#### TO DO:
Could the entries below be transcribed word for word, with the pictures omitted?

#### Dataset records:
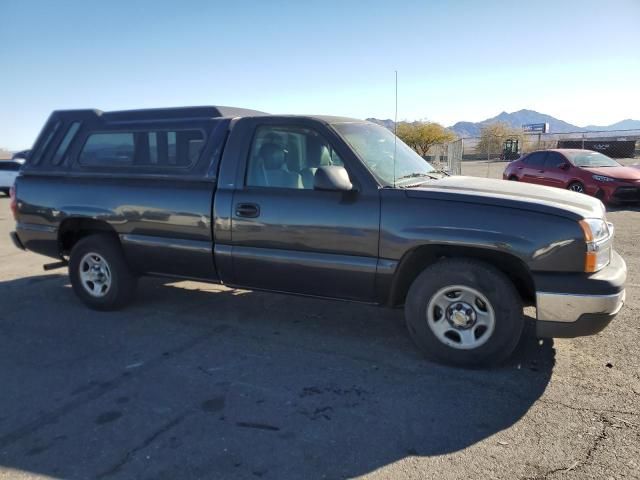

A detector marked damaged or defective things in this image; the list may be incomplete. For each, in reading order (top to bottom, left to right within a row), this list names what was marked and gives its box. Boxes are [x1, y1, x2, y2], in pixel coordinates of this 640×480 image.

cracked asphalt [0, 186, 636, 478]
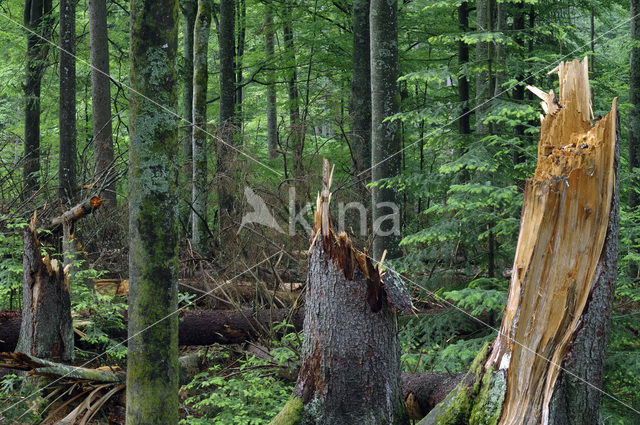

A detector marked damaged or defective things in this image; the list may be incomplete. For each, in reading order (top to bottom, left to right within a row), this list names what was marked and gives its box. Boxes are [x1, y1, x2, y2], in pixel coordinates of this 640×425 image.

splintered wood [488, 58, 616, 424]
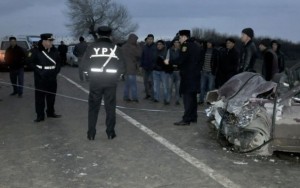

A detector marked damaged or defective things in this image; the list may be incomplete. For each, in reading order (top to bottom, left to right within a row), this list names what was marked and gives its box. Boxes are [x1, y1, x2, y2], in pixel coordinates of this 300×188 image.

wrecked vehicle [206, 62, 300, 155]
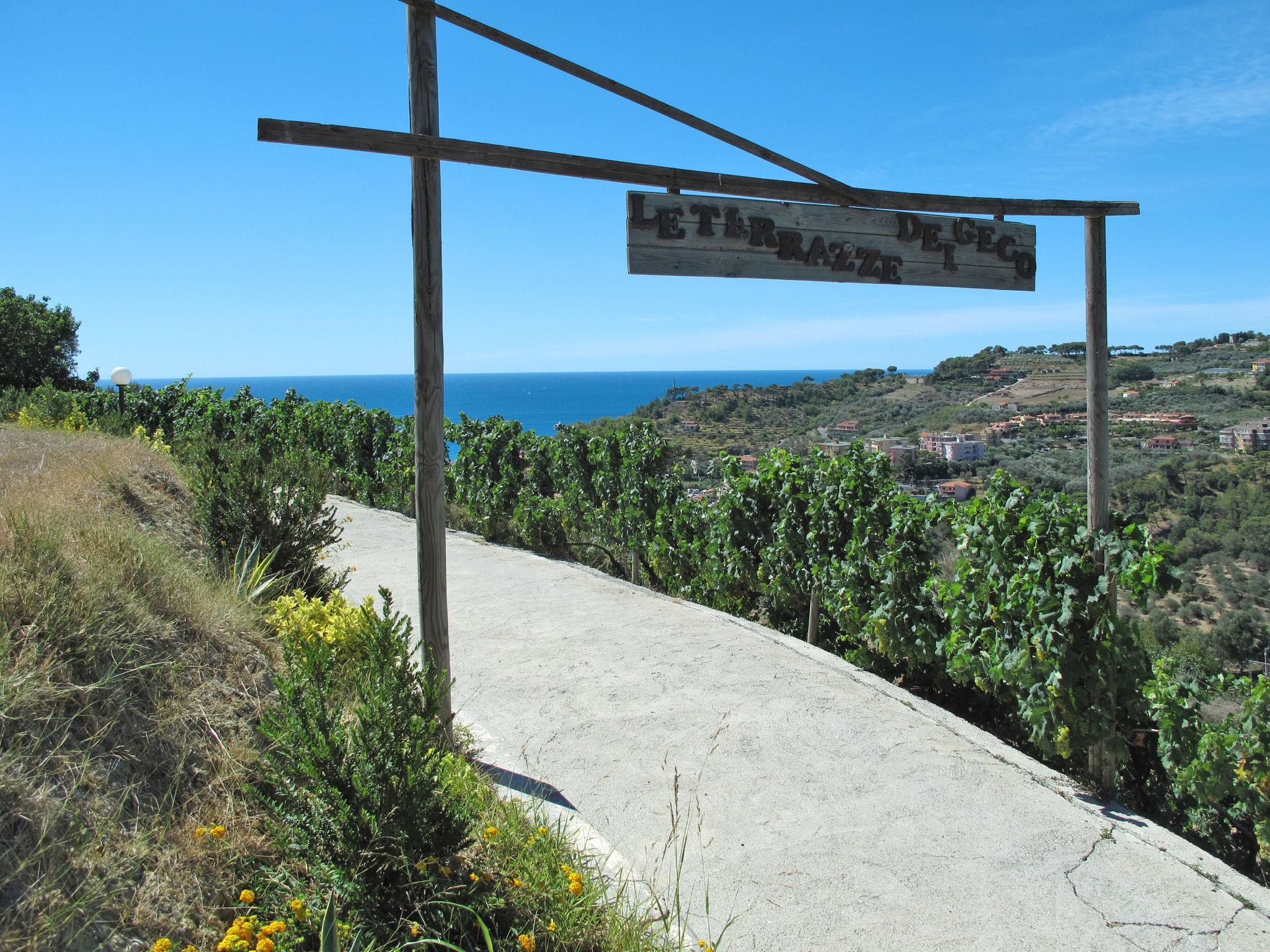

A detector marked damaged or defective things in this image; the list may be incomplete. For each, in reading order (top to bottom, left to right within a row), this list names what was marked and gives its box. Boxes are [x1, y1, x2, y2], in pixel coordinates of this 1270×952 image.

#### ANSWER AREA:
A detector marked damaged or defective things in this image; the list may be incomplete. For each, in reading order (top to bottom, left to right within a row), this list names what was marked and gives its box. Boxes are [x1, y1, x2, y2], in pixel coordinates of this 640×480 image.

cracked asphalt [0, 186, 636, 478]

A detector marked damaged or defective things in this image; the list may be incomplete. For each, in reading order (top to bottom, left to right within a row), this list names what was marked and gives its box. Boxes are [x1, y1, x2, y2], in pixel coordinates of this 640×425 image.

splintered wood [488, 58, 616, 424]

A detector marked damaged or defective things in this image; the list may be incomplete. For each, in reading order (top to bottom, left to right within a row), this list names what was marked and gives its box. Boxes are [x1, y1, x2, y2], in pixel coordinates of this 300×188 image.

wrecked vehicle [206, 62, 300, 155]

A detector marked damaged or defective things in this image; the list may be incomplete. For each, in reading order (top to bottom, left to right within a row), this list names what was marked and gives its box. Boxes are [x1, y1, x2, y2], in pixel coordinates of this 1270×952 image.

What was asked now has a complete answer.